**WHAT THE TASK REQUIRES**: Reproduce only the lines below from the line containing "Onnit Equipment Primal Bell 3" to the line containing "Recambio de bobina", exactly as written, with both end lines kept. Omit the pictures.

[Stored dataset items]
■ ■ ■ ■

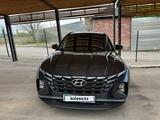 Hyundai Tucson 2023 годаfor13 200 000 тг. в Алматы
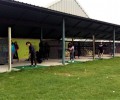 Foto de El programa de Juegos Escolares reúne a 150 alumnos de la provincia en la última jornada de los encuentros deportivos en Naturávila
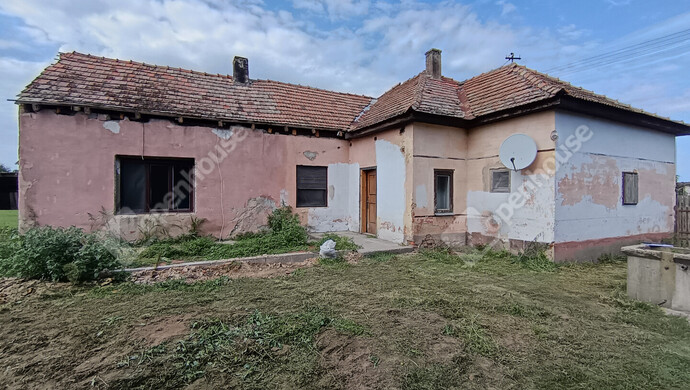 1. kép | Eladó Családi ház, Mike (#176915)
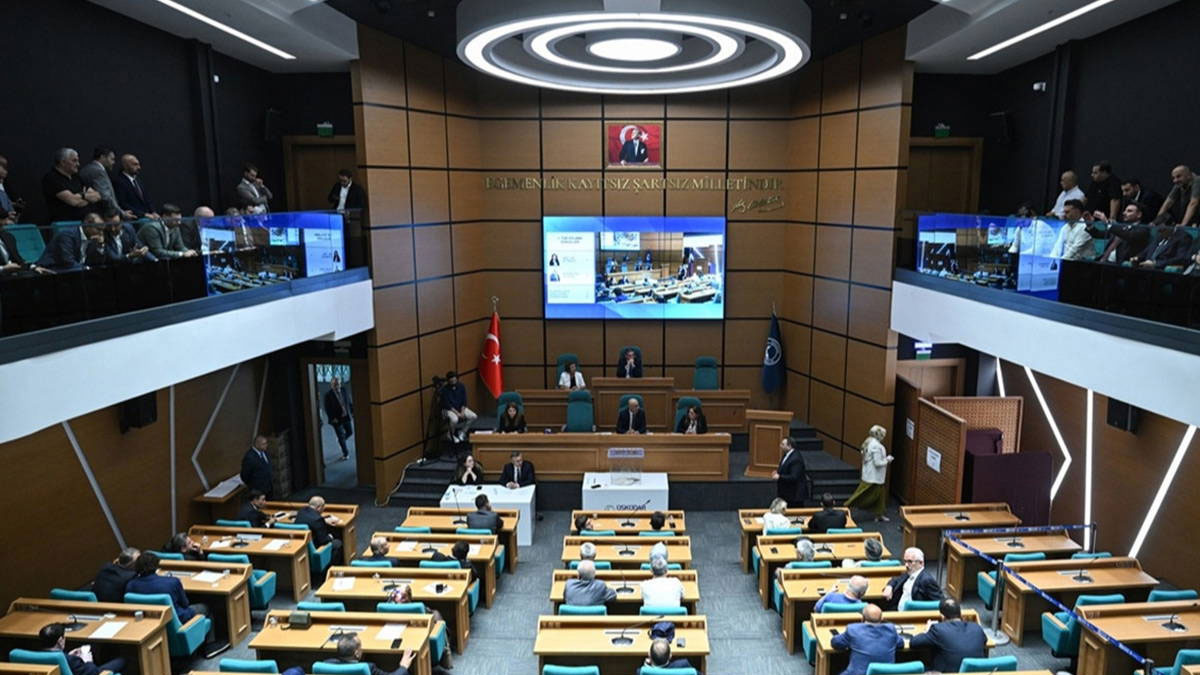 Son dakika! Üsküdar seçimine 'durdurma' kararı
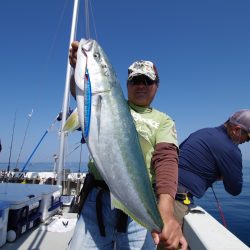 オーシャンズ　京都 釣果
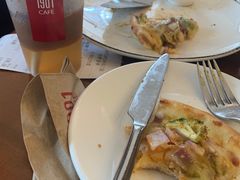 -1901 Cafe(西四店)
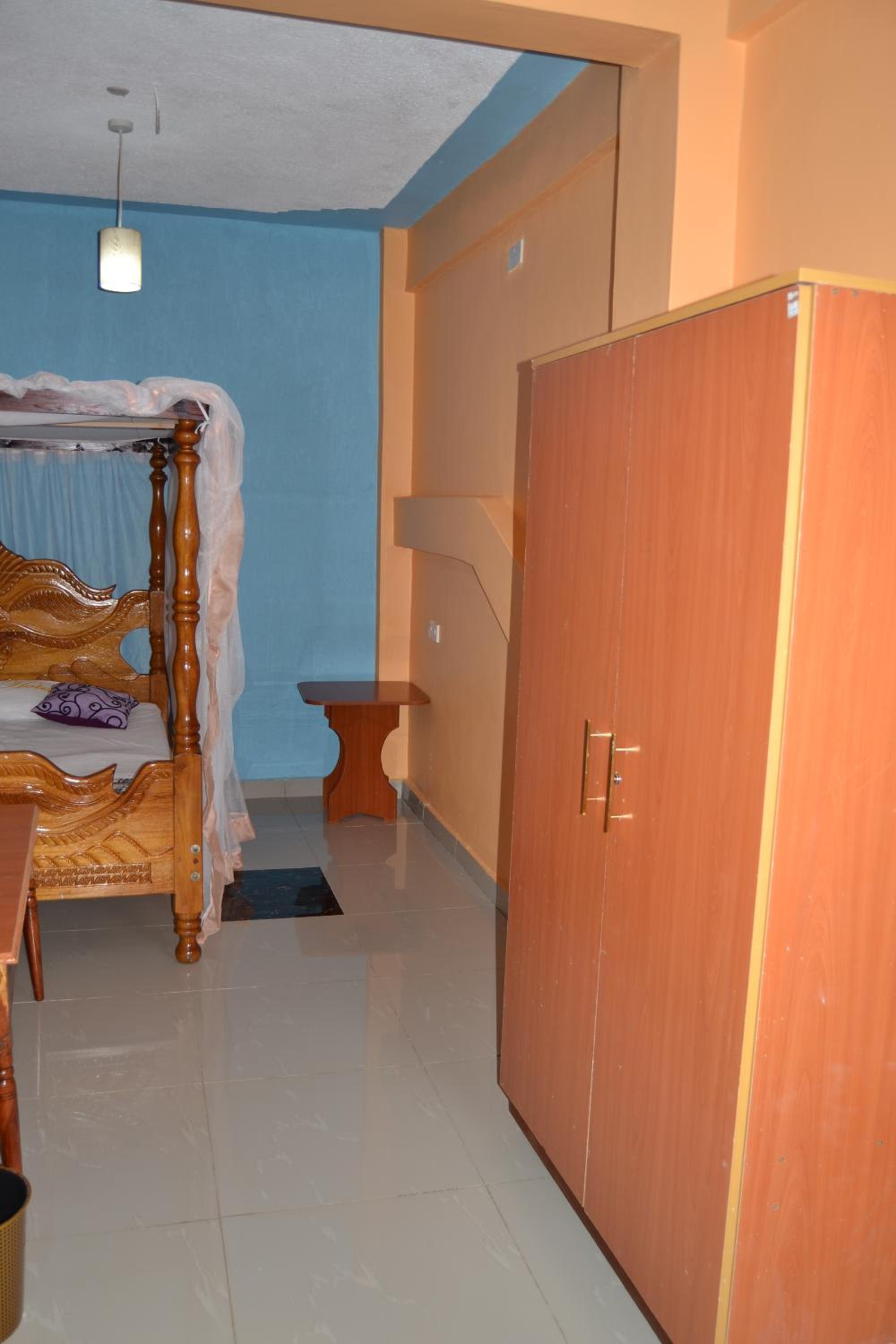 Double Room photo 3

■ ■ ■ ■

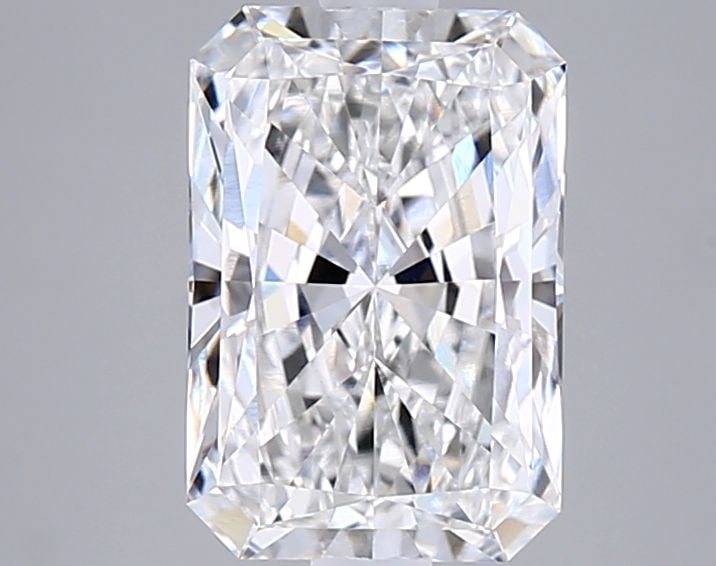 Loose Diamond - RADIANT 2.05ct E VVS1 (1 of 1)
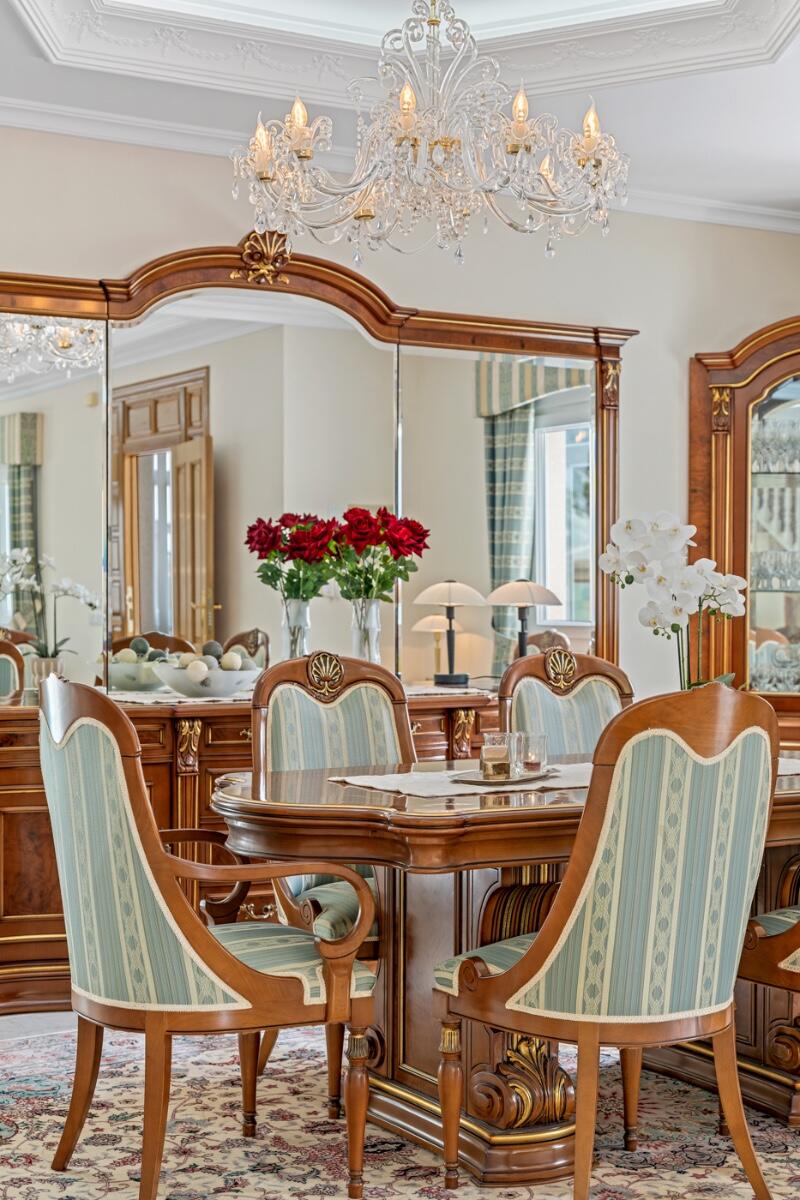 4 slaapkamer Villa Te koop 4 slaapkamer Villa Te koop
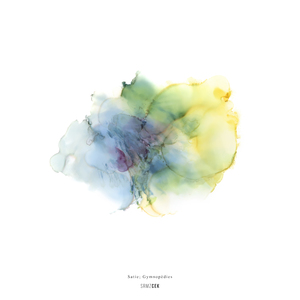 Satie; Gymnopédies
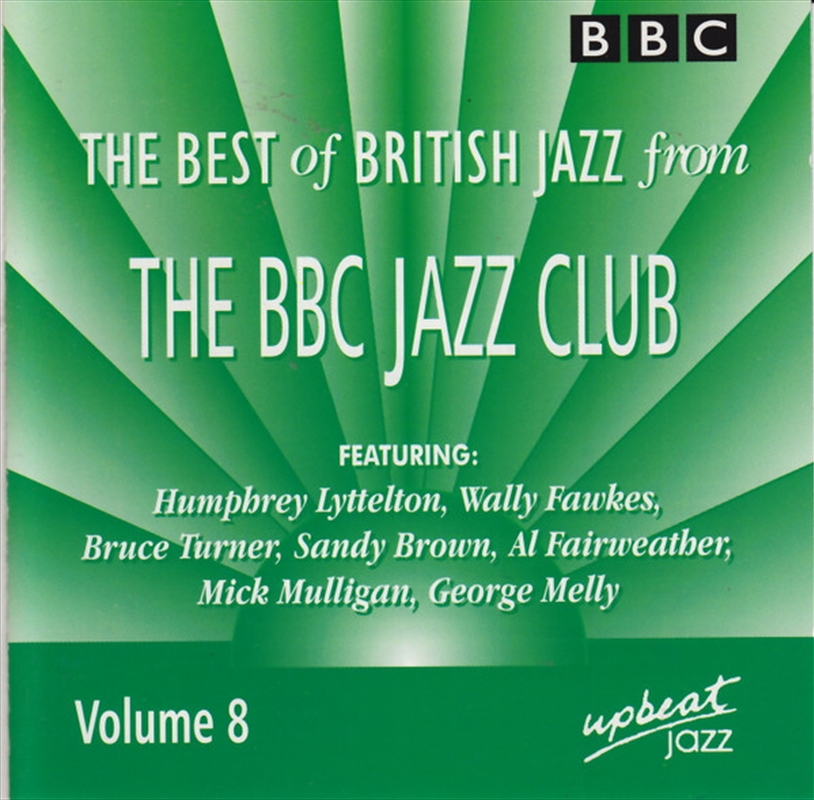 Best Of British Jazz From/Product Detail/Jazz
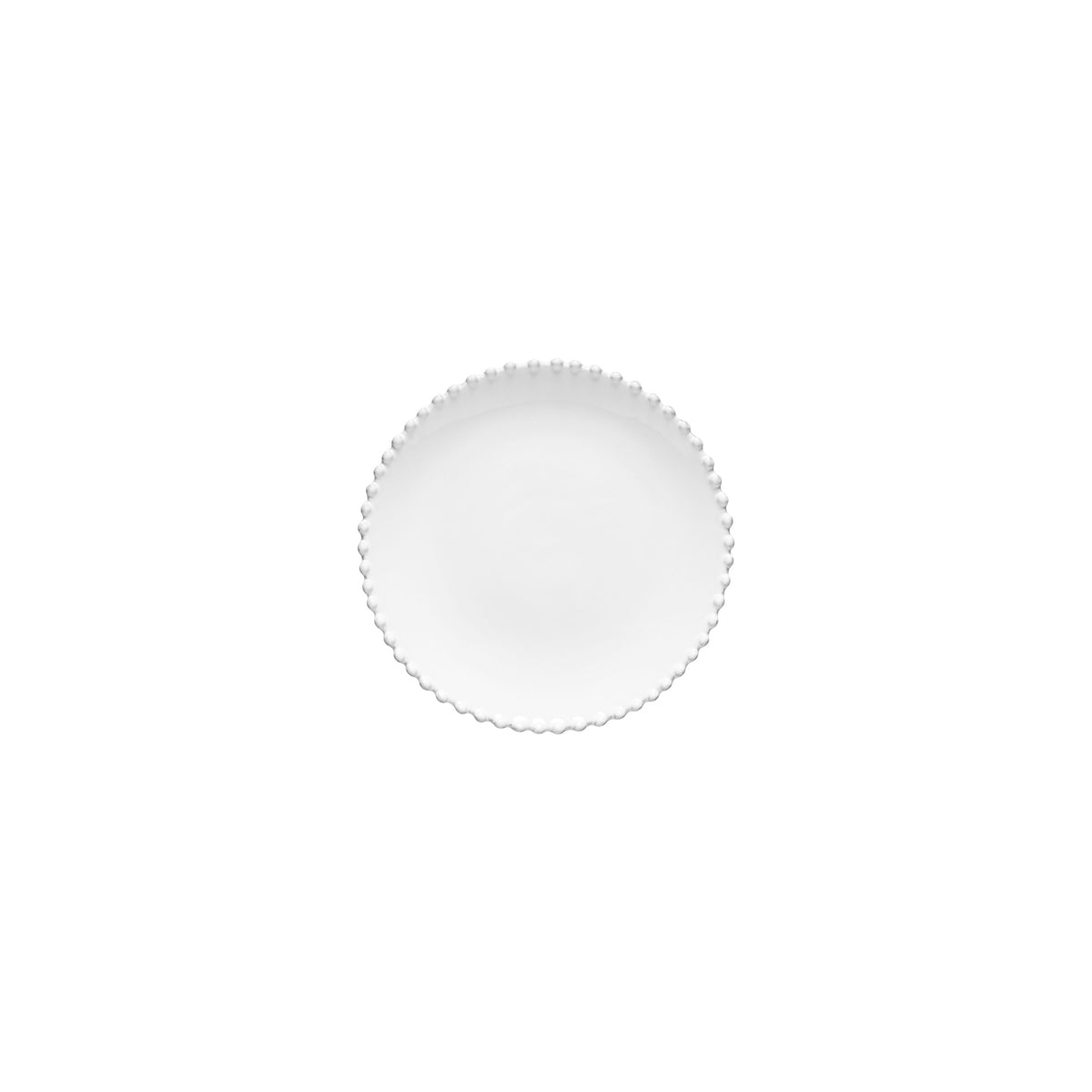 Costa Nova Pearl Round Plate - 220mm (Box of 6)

■ ■ ■ ■

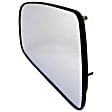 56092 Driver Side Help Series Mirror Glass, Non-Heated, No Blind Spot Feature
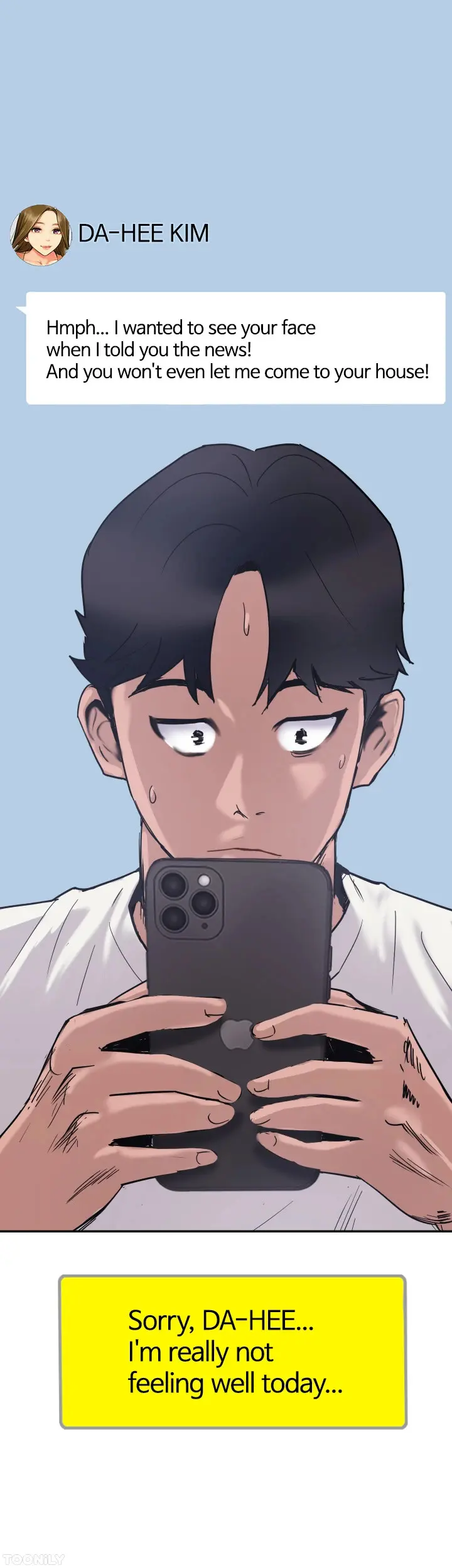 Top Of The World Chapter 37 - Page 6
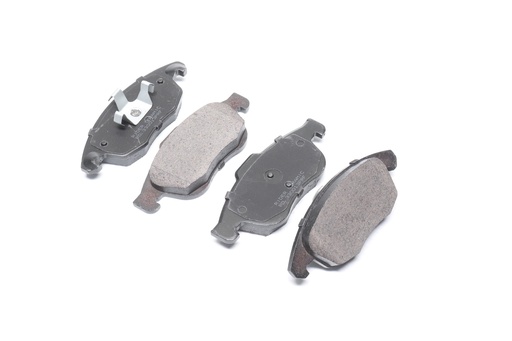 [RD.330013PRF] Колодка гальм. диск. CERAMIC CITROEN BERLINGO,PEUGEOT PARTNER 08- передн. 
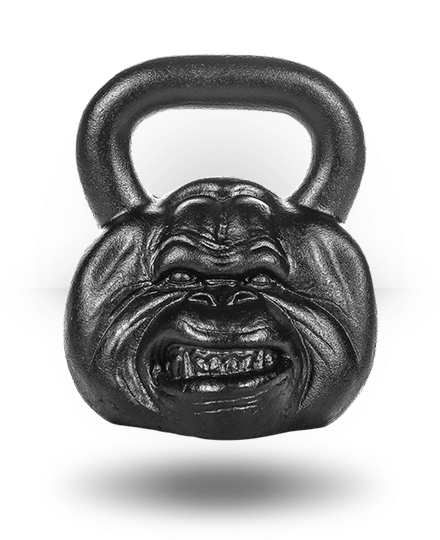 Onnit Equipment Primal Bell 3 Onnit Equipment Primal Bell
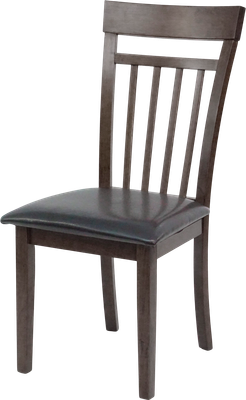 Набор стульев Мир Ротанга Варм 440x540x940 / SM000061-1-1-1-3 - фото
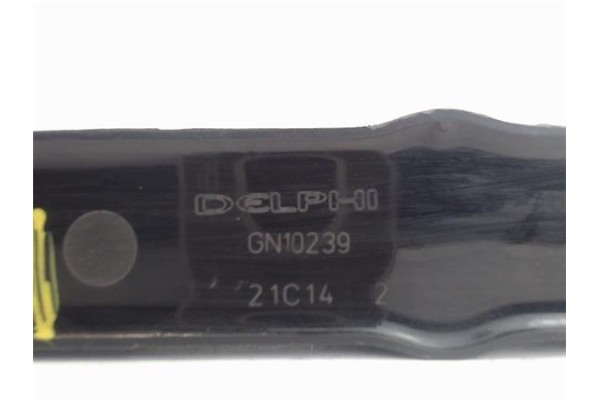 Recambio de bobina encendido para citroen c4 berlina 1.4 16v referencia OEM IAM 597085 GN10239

■ ■ ■ ■

**SOLUTION**:
 Onnit Equipment Primal Bell 3 Onnit Equipment Primal Bell
 Набор стульев Мир Ротанга Варм 440x540x940 / SM000061-1-1-1-3 - фото
 Recambio de bobina encendido para citroen c4 berlina 1.4 16v referencia OEM IAM 597085 GN10239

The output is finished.